Still without a decent name to his new column, Fearghal Kerin knows a team of champions when he sees them, though – as ever – he is hard to convince
We now, finally, have a better idea of Manchester City’s credentials for this season, after they almost snuck a massive result at Old Trafford last week. It’s certainly impressive to repeatedly come back from a goal down against the thrice-in-a-row Champions of England and back-to-back Champions League finalists – though as the euphoria and headiness of the closing stages slowly pass, it should be remembered that City were completely and comprehensively outplayed for the entire second half. If it were not for a sublime moment of inspiration for their second, and a mistake from Rio Ferdinand worthy of You’ve Been Framed for their third, United would have been long out of sight.
The manner of the defeat will certainly give them heart, and now that City have suffered their first defeat of the campaign, it will be interesting to see how they respond in the forthcoming league fixtures. As for Michael Owen, it was always likely to be the case when you allow one striker to leave for your city rivals for £30m and replace him with a freebie, that he would come up trumps on the biggest day of all. At Old Trafford at least, that invariably seems to be the case.
In addition, it was no surprise to see Craig Bellamy getting involved at the end in an unfortunate incident striking a pitch-invading United supporter, although this can largely be dismissed as a routine case of the sh*thead hitting the fan.
With another Tri Nations series drawing to a close, the fans that were committed enough to have perched themselves in front of Sky Sports at ungodly hours on Saturday mornings – to watch what largely results in the southern hemisphere’s trio of giants battering themselves stupid – will be happier with this year’s tournament than they were with last year’s protracted, inconsistent efforts.
While I’m aware that there’s very little arguing with South Africa’s place at the top of world rugby at the moment, off the back of a dominating Tri Nations performance, a Lions series victory and the World Cup less than two years ago – for some reason, I’m still somewhat unconvinced of the Springboks’ true quality.
Maybe it’s that their World Cup was won by beating only Argentina and England in the semi-final and final respectively, or that they barely beat yet another awfully managed Lions squad, that has me so mistrusting of their pedigree. Their domination of the set piece is, for me, an anomaly.
Because of the supposed impregnability of the ‘Bok lineout, opposition sides seem to panic and try fancier tactics rather than just playing their normal game, and hand the advantage to the ‘Boks in the process. The same can be said in the scrum.
John Smit is a poor, poor prop at international level, while Tendai Mtawarira managed to become a world superstar and forge a reputation as a formidable scrummager in the first Lions test by destroying Phil Vickery, before throwing it all away and returning to type in the second game against Adam Jones.
Of course, with the Springboks due in Croke Park in late November, we have a good opportunity to see the world champions first hand, and examine how the northern hemisphere’s de facto champions fare against them.
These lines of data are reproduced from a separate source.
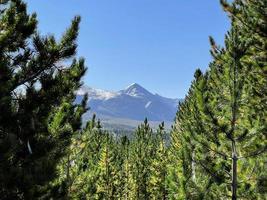 bela paisagem nas montanhas de altai, rússia foto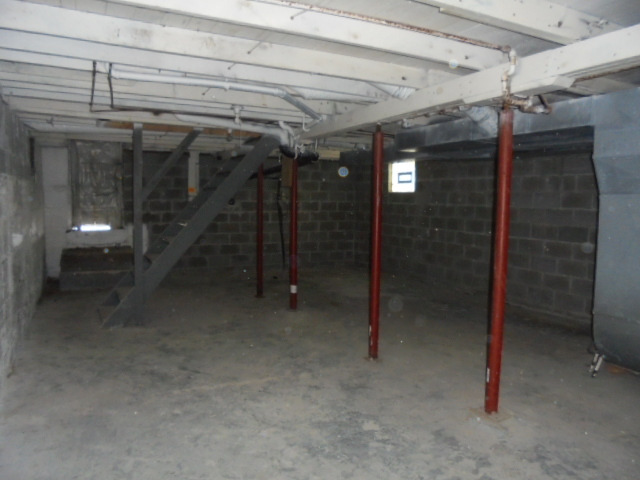 281 Finland AveAkron, OH, 44319Summit County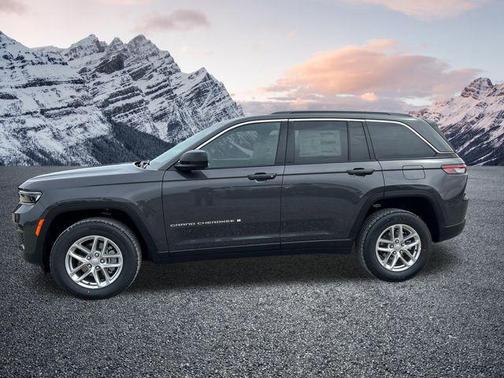 Baltic Gray Metallic Clearcoat 2026 Jeep Grand Cherokee Altitude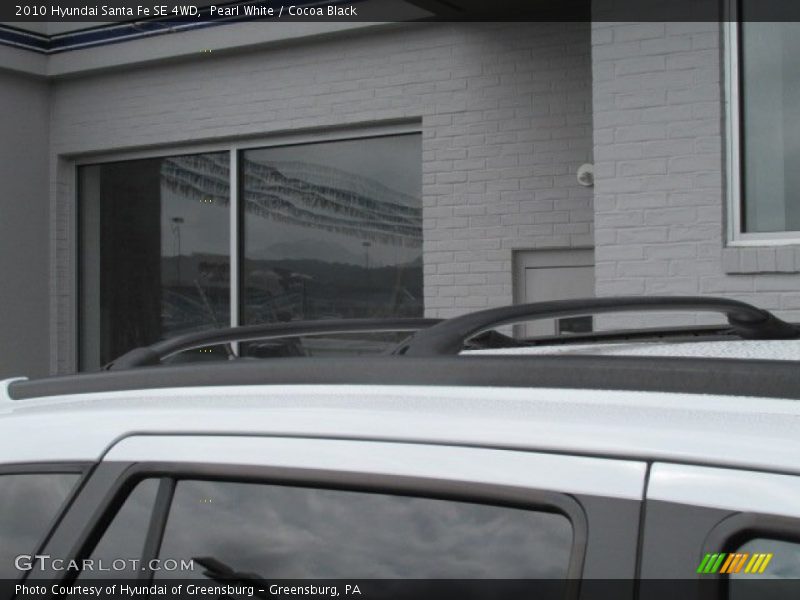 Pearl White / Cocoa Black 2010 Hyundai Santa Fe SE 4WD
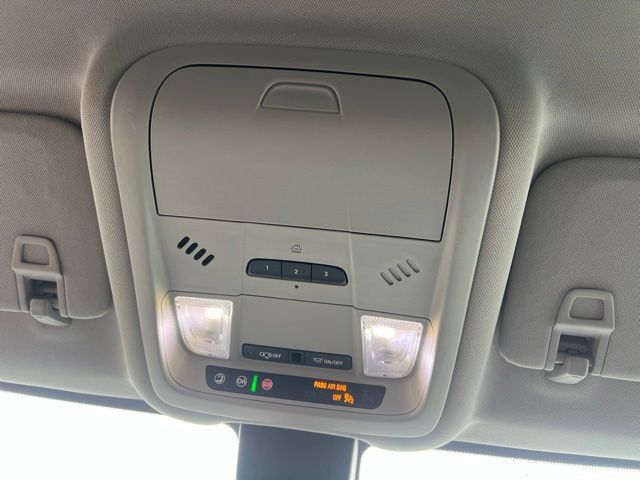 Used 2021 Chevrolet Equinox LT FWD image 31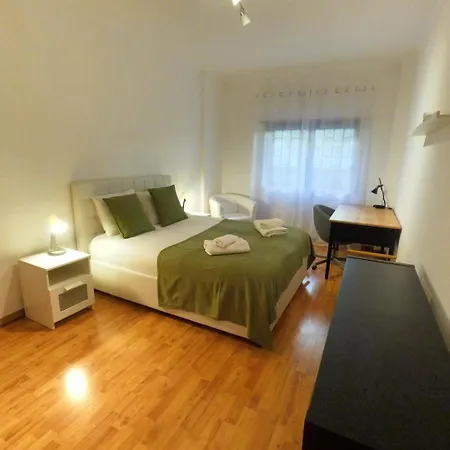 Sintra, Modern 3 Bedroom In Sao Marcos Holiday home *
In addition, we’ll get a prolonged viewing on Jean de Villiers – the so-called ‘Intercept King’ – when he lines out for Munster this year. Perhaps in a few months I’ll be forced to eat my words about the ‘Boks.
Showing perhaps that it takes strange qualities to impress this columnist, Australia played some of the best rugby of this year’s Tri Nations. In Matt Giteau, Adam Ashley-Cooper and Berrick Barnes, the Wallabies boasted some of the series’ standout backs, while the injuries carried into the tournament by Rocky Elsom, sustained during his time with Leinster, meant that the Australian behemoth missed the opening fixtures and failed to hit full throttle throughout the rest of it.
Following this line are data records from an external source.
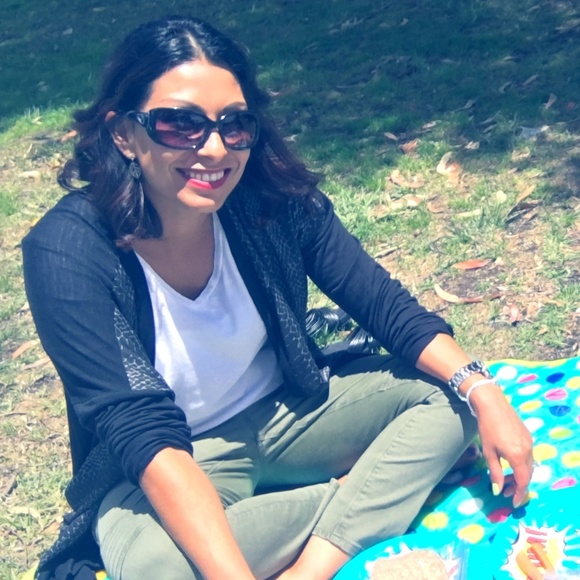Meet your Posher, Marisa - Picture 1 of 5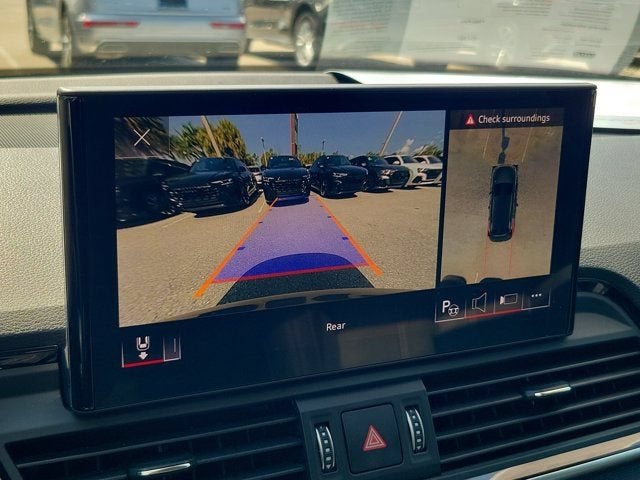 2023 Audi Q5 45 S line Prestige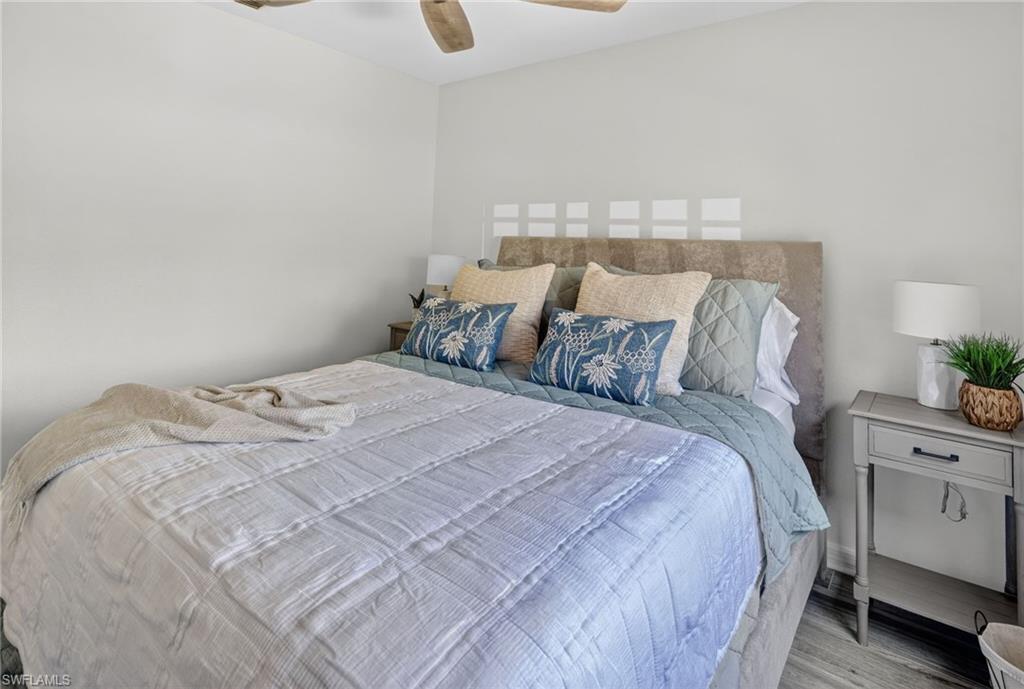 ROYAL WOODS - Residential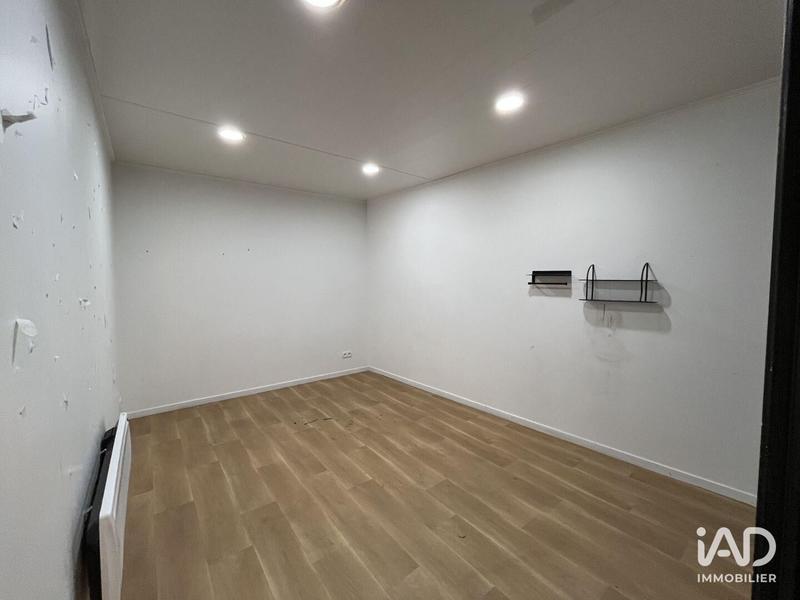 Local commercial - 252 m² - 7 pièces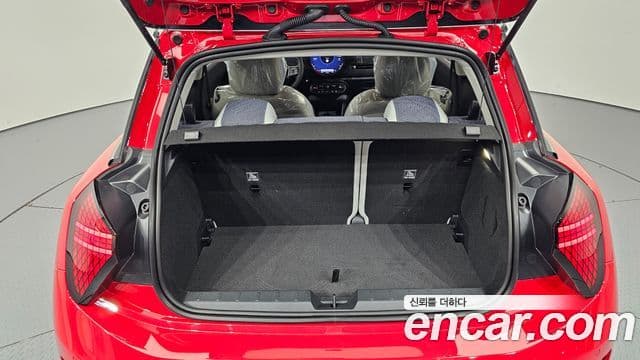 Mini Cooper Electric 2026 — Şəkil 15/30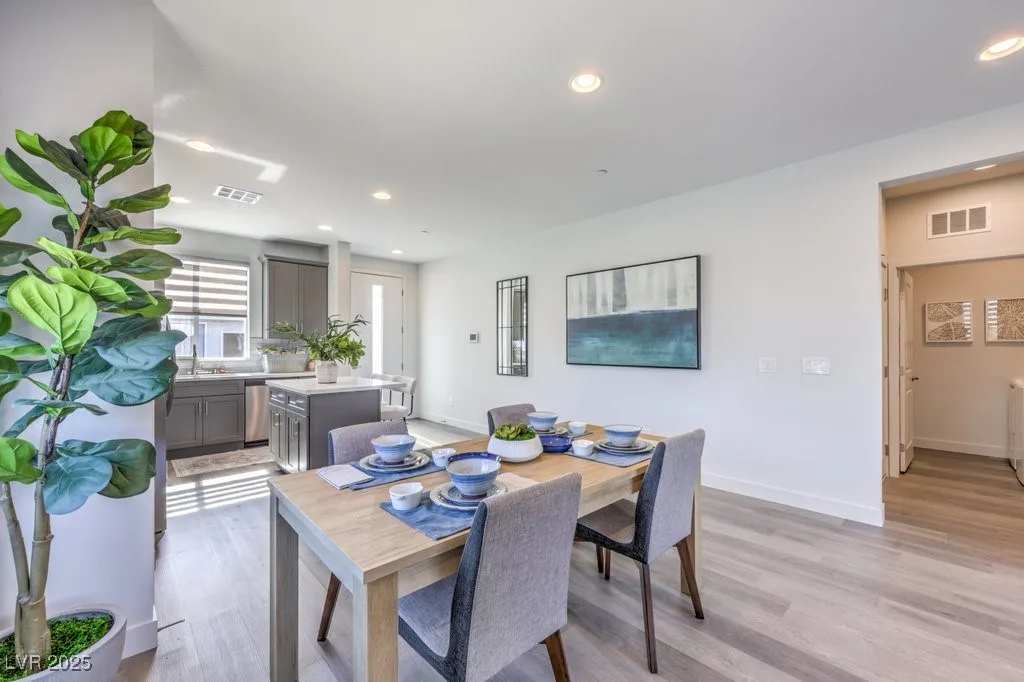 9420 Titania Dawn Street — photo 4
Lastly, the decision to finally add Argentina to the Tri Nations from 2012 onward should be welcomed. Ostensibly one of the world’s premier four teams (off the back of France 2007), they should be able to compete for the tournament, but in reality, it’s an opportunity for the Pumas to make the next step forward as a rugby playing nation.
What can be said about the Kerry footballers that hasn’t already been said about Kilkenny? The lingering doubt for the Kingdom in the build-up to the All-Ireland Final was that they hadn’t beaten any special team this year, with a very average Meath side disposed of in the semi-final comparing infavourably to the performance Cork put in to eliminate Tyrone. We probably should have known better. What more adequate way is there for a team to prepare for a clash with serial Croke Park bottlers Cork than with Dublin, a team who who fail to understand the concept of home advantage?
This Cork team will come again, however, as they contain an almost unique blend of power and youth that has been built over a succession of good (but not great) minor teams, each producing a couple of players that would go on to star on the Senior teams. Surely some time soon Cork will take the scalp of their equally irritating neighbours at Croke Park, with this side in particular looking to have the longevity to do it.